With respect to vocational education and training, the general comments from the participants included:

· Start VET earlier ie year 8 or late primary school in addition to mainstream education. This allows young people to start to become aware of career pathways to get a sense of vision and direction for their future.

The recommendation states:

VET should be in all schools and receive adequate funding.

· Inconsistencies with the implementation of VET programs.

· The quality of programs often relies on the motivation of school staff and the local industry.

Recommendation 2: National marketing campaign dispelling negative images of young people participating in vocational education programs and to promote VET as being of equal value to academic education streams.
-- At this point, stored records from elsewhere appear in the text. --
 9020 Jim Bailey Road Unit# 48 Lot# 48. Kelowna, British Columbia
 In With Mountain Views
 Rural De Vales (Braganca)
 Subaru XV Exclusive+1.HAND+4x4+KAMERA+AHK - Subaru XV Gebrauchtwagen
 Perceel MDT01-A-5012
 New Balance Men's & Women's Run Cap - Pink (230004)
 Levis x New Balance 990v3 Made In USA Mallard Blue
· VET needs a new image as current one carries connotations of not being as good as academic streams of education that affects enrolments.
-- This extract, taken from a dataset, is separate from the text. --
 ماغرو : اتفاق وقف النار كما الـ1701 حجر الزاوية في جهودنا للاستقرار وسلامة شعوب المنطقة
Recommendation 3: Establishing VET program in years 11 and 12 where young people can volunteer to work for a few days a week in a supervised and supported workplace.

· Employers take responsibility for equipment and material costs.
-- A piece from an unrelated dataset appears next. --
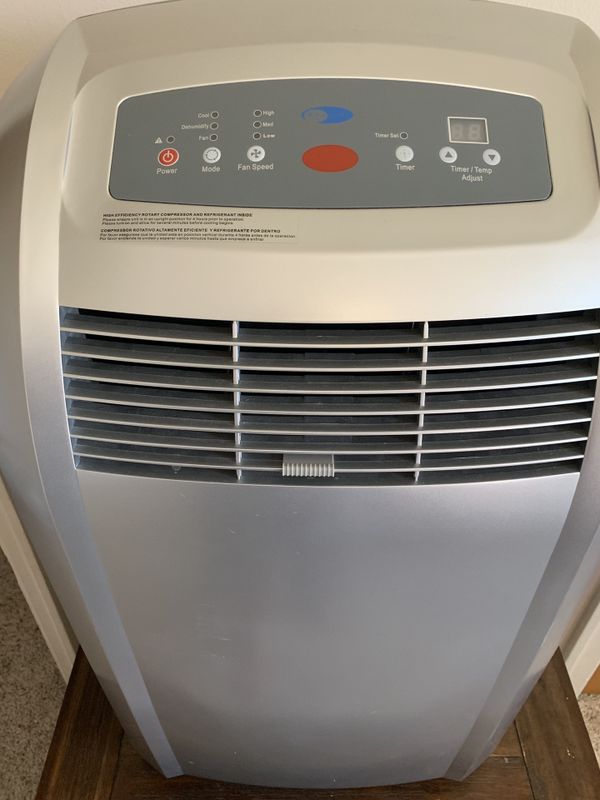 Whynter ARC12S 12,000 BTU Room Air Conditioner for Sale in Edmonds, WA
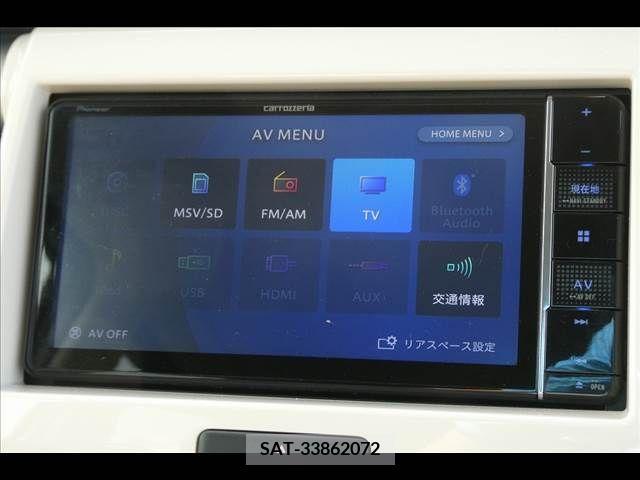 Suzuki HUSTLER 2019-12 391350-4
· A National register of businesses willing to take students should be established.

They then make a general comment with respect to peer support and say:

Peer support allows young people to discuss issues of concerns not related to the school curriculum with older peers.

Recommendation 1: Peer group support programs to be established in all high schools.

· Teachers should provide back-up support by acting as student liaison officers.

The next issue is career information in schools and they make the general comment:

· Young people of NES backgrounds are disadvantaged when it comes to receiving career info.

· More information is required on part-time apprenticeships.

Recommendation 1: career information needs to be more accessible to all students.

With respect to university morale, the recommendations are:

Recommendation 1: The Government needs to have a dialogue with students and universities to discuss more funding for smaller classes, retention of lecturers, better facilities and more research grants.

Recommendation 2: There is a need for greater mentoring and pastoral care services.

Recommendation 3: Introduce a `Foundation' year for all first year students.

Recommendation 4: There is a need to establish links between academia and industry while students are studying.

Recommendation 5: All lecture notes and papers should be posted on the Internet.

I turn to the employment topic group, which stated:

Recommendation 1: Foundation skills should be recognised as a core component of education.

With respect to volunteerism, they state:

Recommendation 1: There should be incentives for young people to participate in volunteering activities.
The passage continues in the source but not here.